= Timeline of Tamil sexual minorities =

Events impacting the welfare of Tamil sexual minorities

The following list is a partially completed compilation of events considered to have a profound effect on the welfare or image of Tamil sexual minorities. The use of bold typeface indicates that the event is widely considered to be landmark:

== Timeline ==
3rd century BC to c. 4th century AD
- Tamil Sangam literature refers to relationships between two men and explores the lives of trans women in the Aravan cult in Koovagam village in Tamil Nadu.

=== 1800s ===
- 1862: The colonial law criminalizing homosexual sex is implemented by Lord Thomas Macaulay through the Indian Penal Code in British India and the Straits Settlements.

=== 1990s ===
- 1986: Screening of My Beautiful Laundrette at British Council where same-sex love is depicted on the big screen for the first time in Chennai.
- 1990: Tamil Nadu government forcibly tested several hundred sex workers and then locked up 800 infected women for several months.
- 1993: Publication of Robert Oostvogels and Sunil Menon's mimeograph Men Who Have Sex With Men-Assessment of situation in Madras was prepared for the government of Tamil Nadu
- 1993: Sekar Balasubramaniam, a volunteer for Community AIDS Network (CAN), comes out as gay and HIV-positive.
- 1998: Sahodaran, first group for sexual minorities formed in Chennai.
- 1999: Mailing list gaychennai started on yahoogroups.com as the first list for the Chennai gay community.
- 1999: The essay 'Queer Madras of the mid-80s' circulated on Indian LGBT lists.

=== 2000s ===
- 2003: Movenpick group formed, later renamed Orinam, and mailing list started.
- 2004: First Chennai LGBT film festival, Alliance-Francaise and SAATHII, with volunteer support from Orinam.
- 2005: The Many Colours of Love: LGBT documentary festival, Alliance Francaise and SAATHII, with volunteer support from Orinam.
- 2006: Conference on third gender organized by Nalamdana.
- 2006: The website Orinam.net is launched.
- 2006: March for transgender rights while legislative assembly is in session in Tamil Nadu, organized by Sangama, THAA, SWAM, and other groups.
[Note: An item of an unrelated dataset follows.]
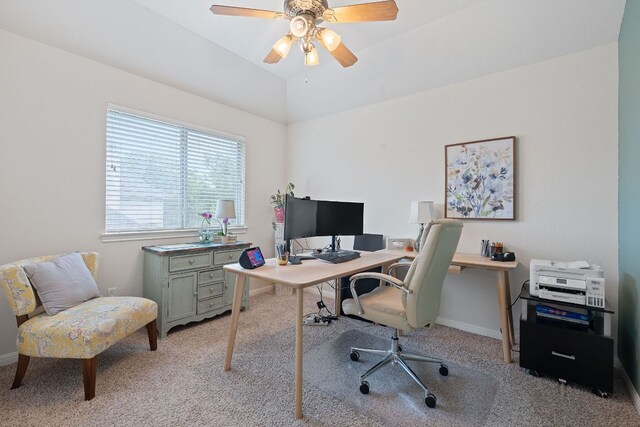 9905 Palmbrook Dr, Austin, TX 78717 - office with light colored carpet, a ceiling fan, baseboards, and vaulted ceiling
Catalyzed Tamil Nadu government initiatives for transgender welfare.
- 2006: Suicide by self-immolation of transgender teenager Pandiammal/Pandian, sexually abused by Chennai police.
- 2007: Madras High Court ruling in Jayalakshmi vs. State of Tamil Nadu by AP Shah.
- 2007: Sangama establishes Chennai chapter.
- 2007: Police advocacy on sexuality issues initiated by Tamil Nadu AIDS Control Society, implemented by community groups.
- 2007: Shakti Resource Centre formed and organizes film series - Desire and Sexuality at the LV Prasad Film and TV Academy.
- 2008: Rose Venkatesan becomes the first transgender woman talk show host on Chennai television.
- 2008: Double-suicide of Christy and Rukmini.
- 2008: Peer-counseling preparatory workshop (4 sessions: June 8, June 15, June 22, July 6) of Shakthi Resource Centre in collaboration with Sahayatrika, Sahodaran, Orinam/MP, and Lotus Sangam.
- 2008: Aravani (Transgender) Welfare Board constituted by state government.

==== 2009 ====
- A same-sex wedding is held in South Africa according to Hindu rites.
- Thirunangai.net, the world's first matrimonial website for trans women, is launched by Kalki Subramaniam of the Sahodari Foundation.
- Peer-counseling multi-weekend course of Shakthi Resource Centre and Center for Counseling.
- Public screening of Milk, organized by the U.S. Consulate at Film Chamber, as part of the Oscars film festival.
- The High Court of Delhi suspends the colonial-era law banning homosexuality.
- The Hindu Council of Britain announces that Hinduism does not condemn homosexuality.
- The Hindu, national newspaper published from Chennai, features editorial in support of LGBT rights post-Naz decision.
- First Chennai Rainbow Pride March.
- Campaign for Open Minds launched.
- Chennai Rainbow Coalition started.
- First meet for parents of LGBT people in Chennai organised by Center for Counseling.
- Reverend George Zachariah delivers inspiring sermon at Gurukul Chapel calling on Christians to be inclusive of LGBT people.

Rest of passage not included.